The early evidence supports this. Snowflake signed two-hundred-million-dollar partnerships with both OpenAI and Anthropic in the same quarter, positioning itself as the data layer that any agent framework can connect to. Oracle is raising fifty billion dollars for AI infrastructure. The data platforms are hedging across every foundation model because they understand that the customer is building, not buying, and the builder needs data access more than a finished product.
The Side Project Problem
Lyzr's finding that forty-one percent of enterprises treat AI agent projects as side work is the statistic that explains the other statistics.

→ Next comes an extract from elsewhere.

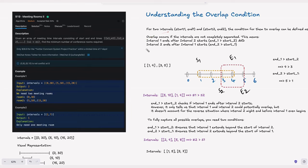Welcome back to HackCode. In this video, we are tackling an essential problem for coding interviews: Meeting Rooms Two from LeetCode. This problem is great for learning intervals, sorting, and heap usage. We will explore three approaches: brute force, two-pointer technique, and heap solution. Let's break down the problem step by step and understand how the solutions work.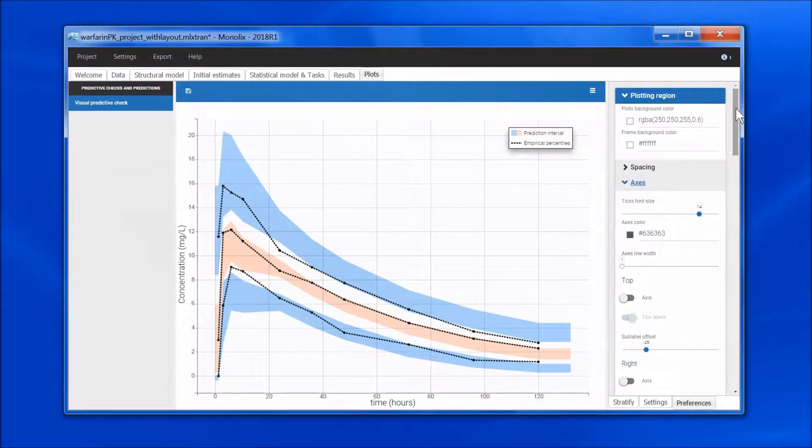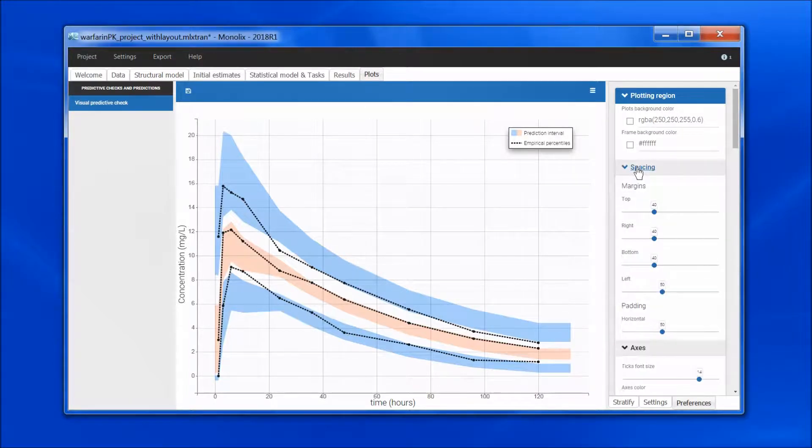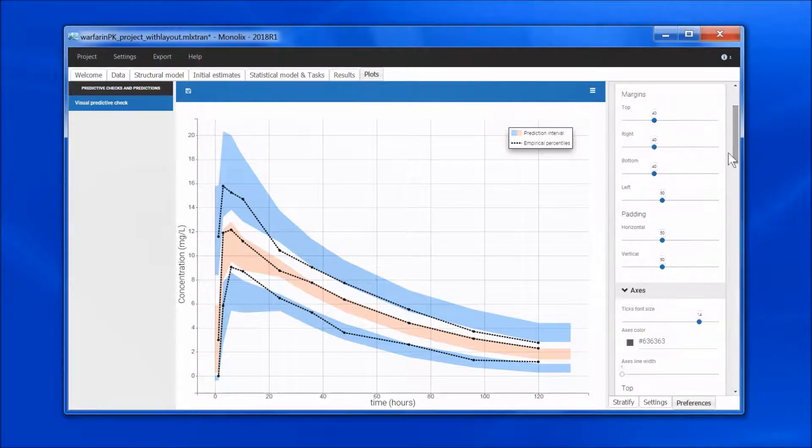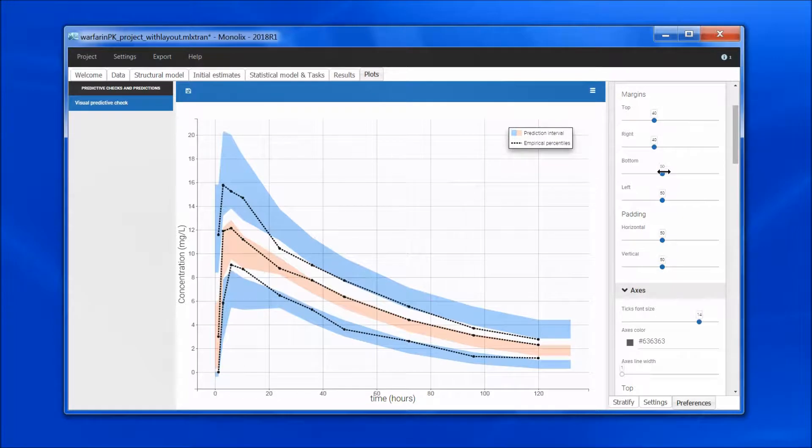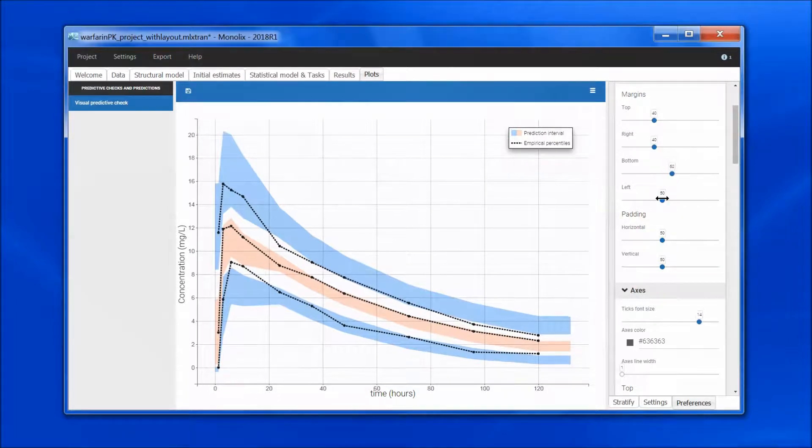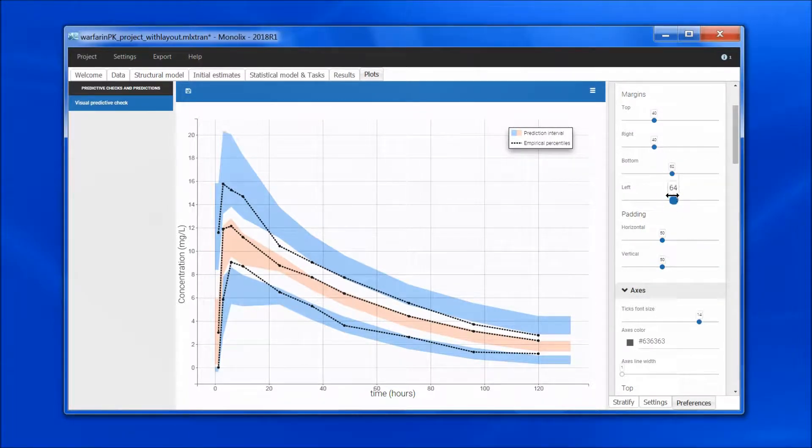In spacing, for the bottom, I am going to increase it a bit. Same on the left side.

A side project has no dedicated team. No budget line. No success criteria. No executive sponsor who will be held accountable if it fails. It exists in the organizational margin, maintained by enthusiasts, tolerated by management, neither killed nor resourced. It is the corporate equivalent of a New Year's resolution.
When forty-one percent of agent projects are side projects, the thirty-two percent that stall after pilot are not failing because the technology doesn't work. They are failing because nobody decided they should succeed. The pilot was approved because saying no to AI in 2026 is career risk. The production deployment was never approved because nobody owned the outcome.
The sixty-two percent who lack a starting point are not lacking technology. They are lacking organizational commitment to a specific starting point. Choosing where to begin means choosing what to deprioritize. It means assigning a team. It means defining what success looks like and accepting accountability for the result. The side project structure avoids all of this. You can explore AI agents without committing to them, which means you can claim you are doing AI without doing the work of doing AI.
This is why the cancellation rate will be high. Gartner's prediction of forty percent cancellation by 2027 is not a prediction about technology failure. It is a prediction about organizational follow-through. The projects that survive will be the ones that stopped being side projects before they ran out of patience.
What the Pattern Predicts
If the historical pattern holds, the agent wave will resolve the same way previous technology waves resolved. The urgency phase, where everyone builds something because not building feels dangerous, will give way to the consolidation phase, where the survivors are distinguished from the casualties by one variable: whether they understood what they were building before they built it.
The railroads that survived the 1840s mania were the ones that had real routes serving real demand. The dot-com survivors were the ones that solved actual problems for actual users. The enterprises that survive the agent wave will be the ones that identified a specific workflow, measured a specific inefficiency, deployed an agent against that specific target, and tracked the result.
The sixty-two percent without a starting point are not doomed. But they are running a race they have not mapped. Some of them will stumble into the right answer through iteration. Others will exhaust their patience and cancel the project. The ones who win will be the ones who stop and ask, before writing the first line of agent code, a question that sounds simple and is not: what, specifically, is this agent supposed to do that a person cannot do as well?
The answer to that question is the starting point. Everything before it is motion. Everything after it is progress.